■ Data excerpts
----
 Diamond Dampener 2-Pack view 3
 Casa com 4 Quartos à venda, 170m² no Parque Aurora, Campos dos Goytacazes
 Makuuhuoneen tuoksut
----
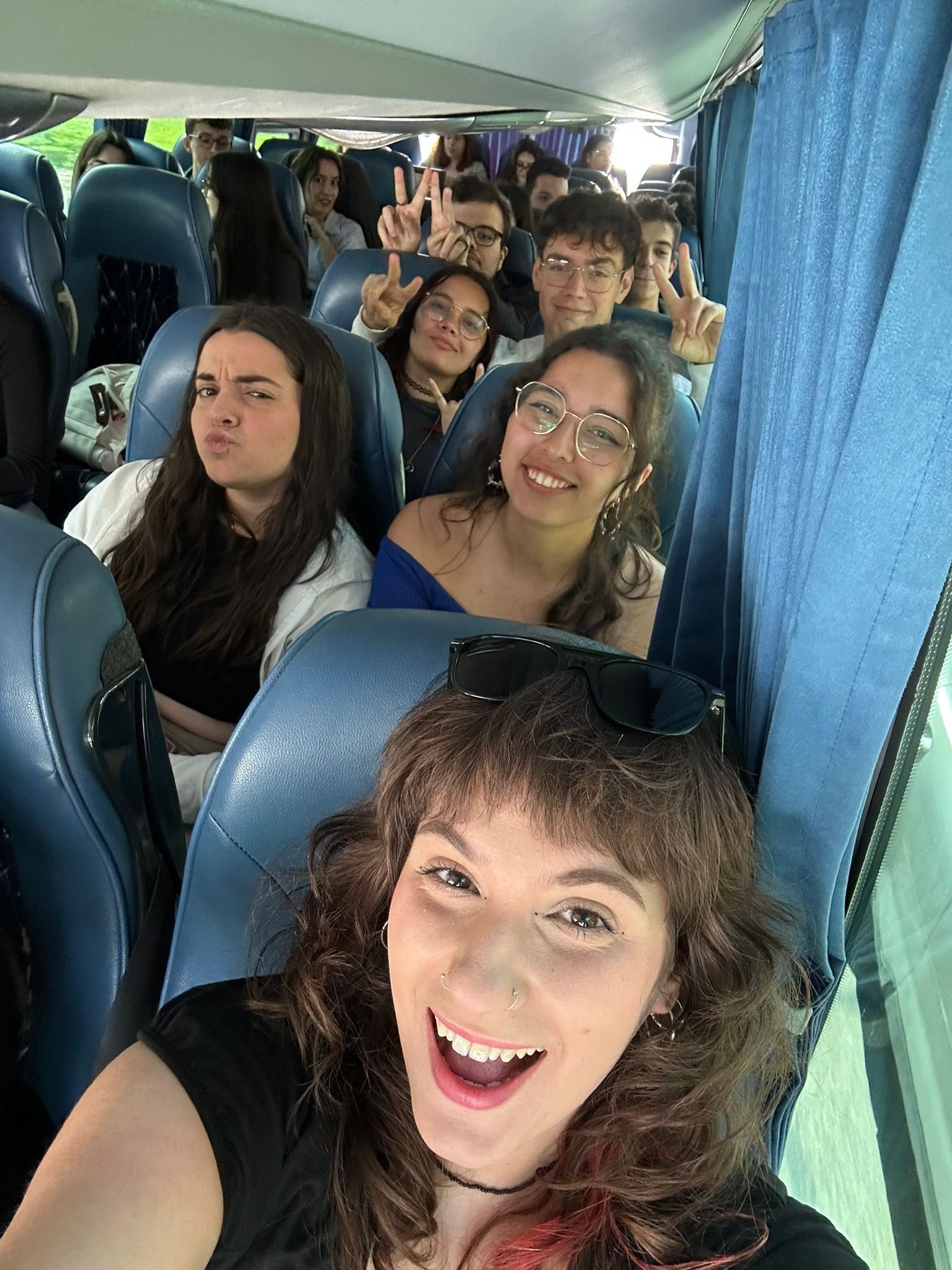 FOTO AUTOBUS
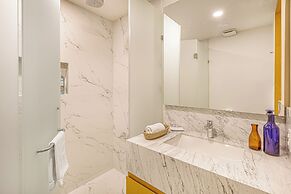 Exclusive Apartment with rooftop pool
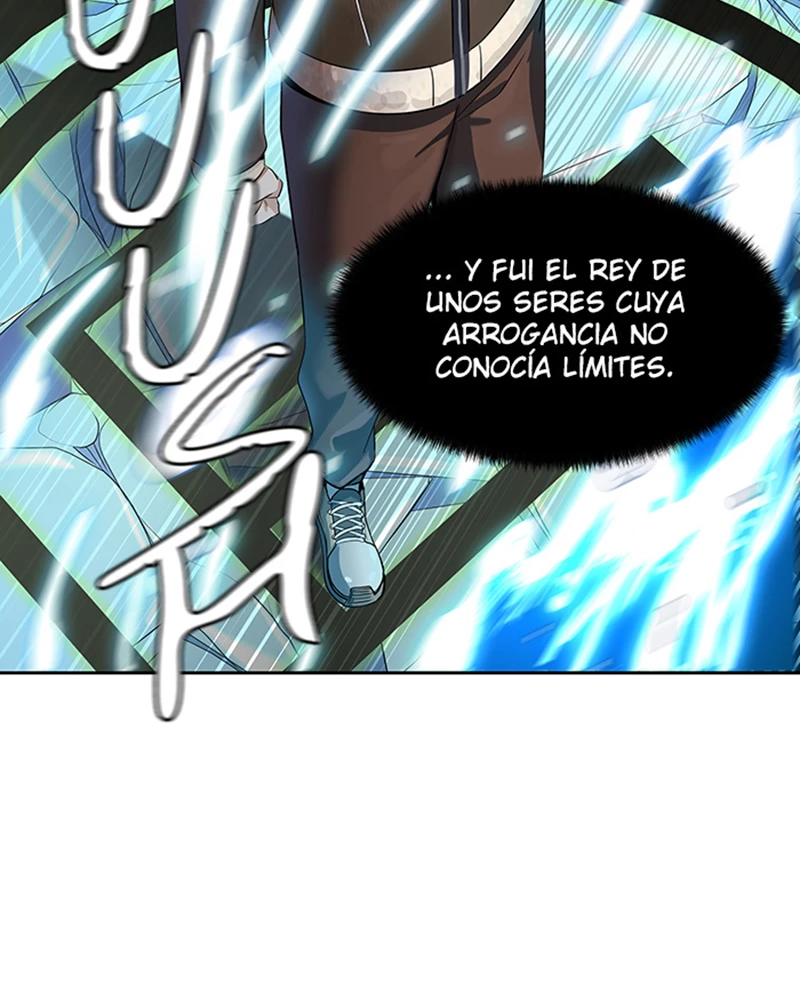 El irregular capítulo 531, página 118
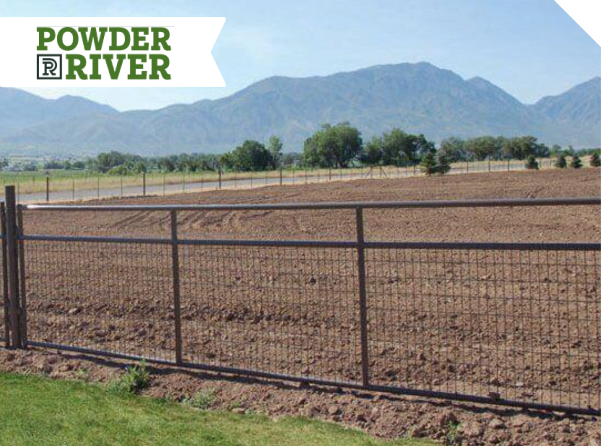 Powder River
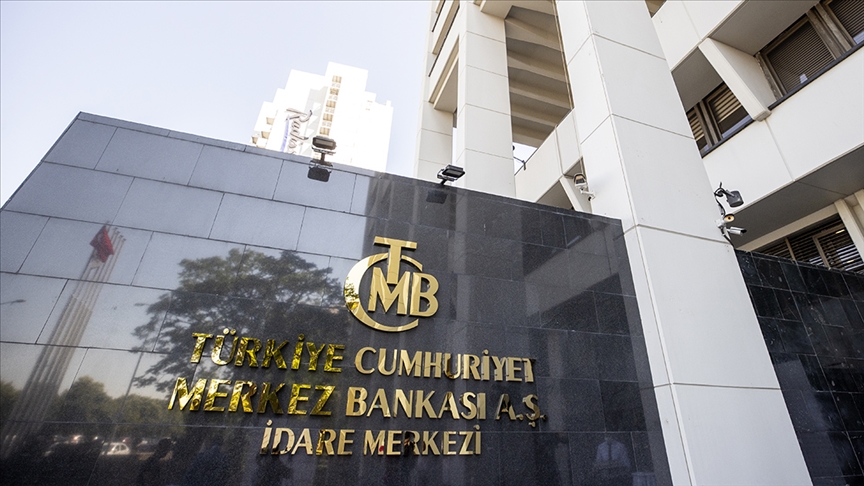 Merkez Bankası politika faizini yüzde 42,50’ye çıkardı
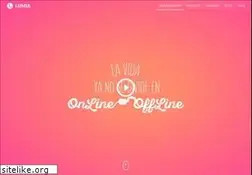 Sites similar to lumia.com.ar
----
■ Task instructions
Above are the records; repeat exactly the lines from the one holding "Diamond Dampener 2-Pack view 3" down to the one holding "Makuuhuoneen tuoksut", end lines included.

■ Exercise response
 Diamond Dampener 2-Pack view 3
 Casa com 4 Quartos à venda, 170m² no Parque Aurora, Campos dos Goytacazes
 Makuuhuoneen tuoksut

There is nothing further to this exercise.